• [Information shown]
※ ※ ※
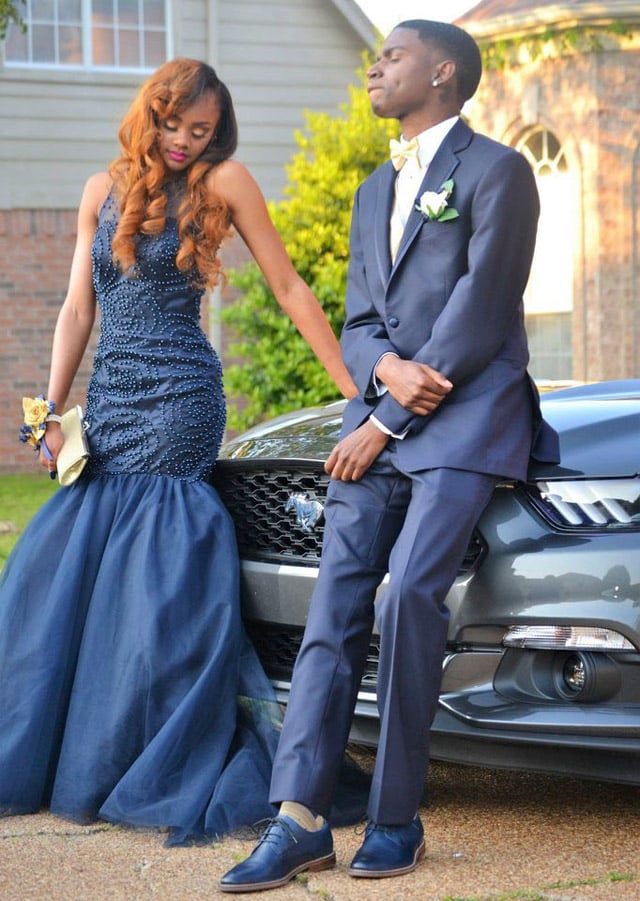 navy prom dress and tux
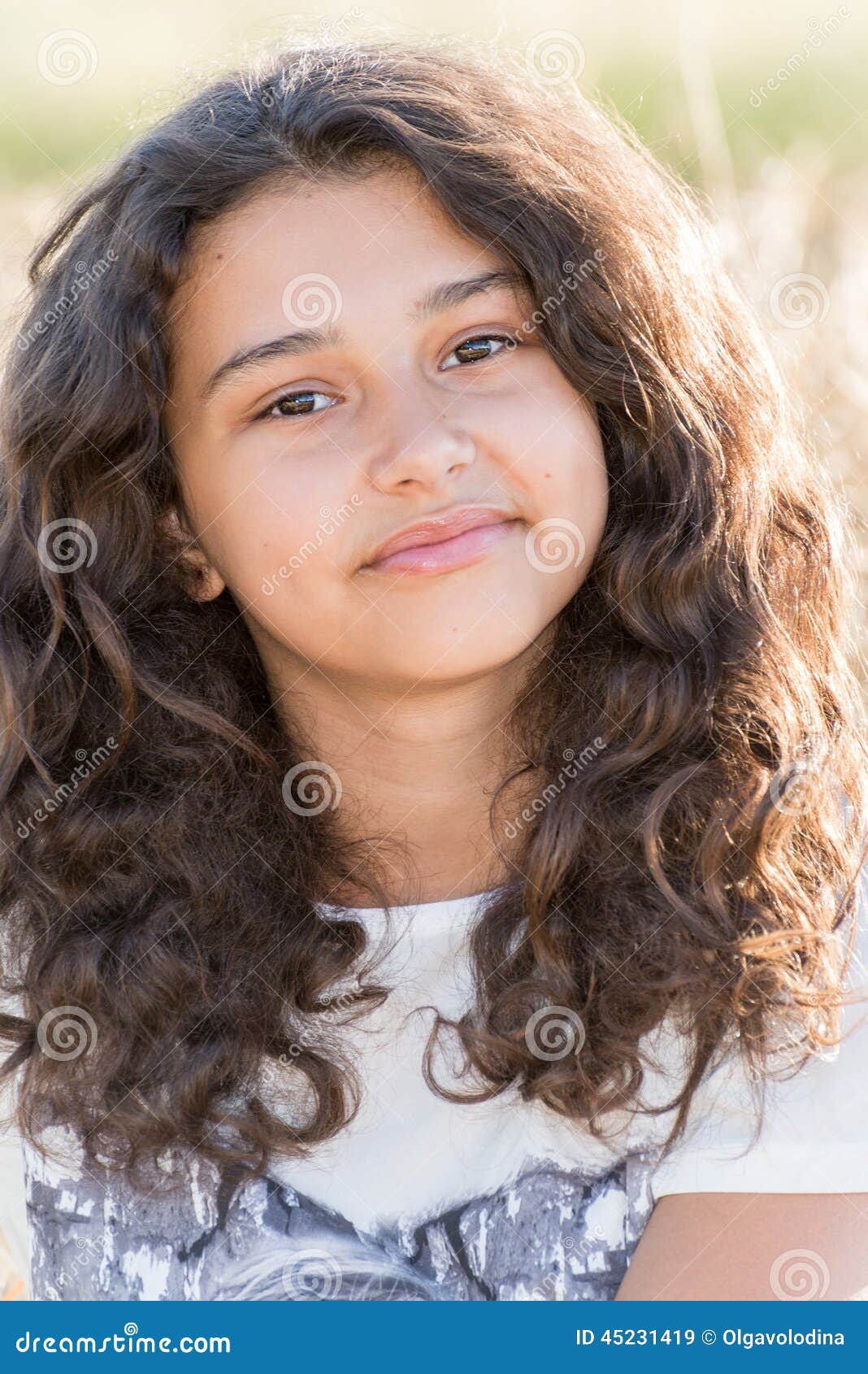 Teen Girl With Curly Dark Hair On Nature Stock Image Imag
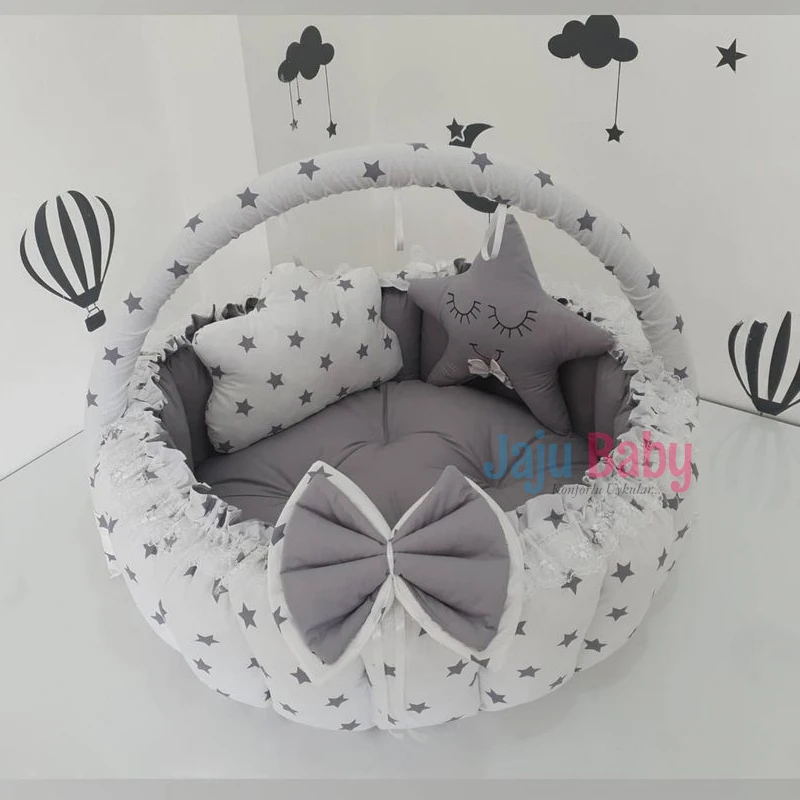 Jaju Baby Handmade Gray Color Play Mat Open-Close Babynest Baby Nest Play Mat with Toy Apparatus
※ ※ ※
• [Task item] To complete this exercise, repeat exactly the lines above from the one holding "Teen Girl With" to the end of the listing, both included, and leave the pictures out.

• [Answer for this exercise]
 Teen Girl With Curly Dark Hair On Nature Stock Image Imag
 Jaju Baby Handmade Gray Color Play Mat Open-Close Babynest Baby Nest Play Mat with Toy Apparatus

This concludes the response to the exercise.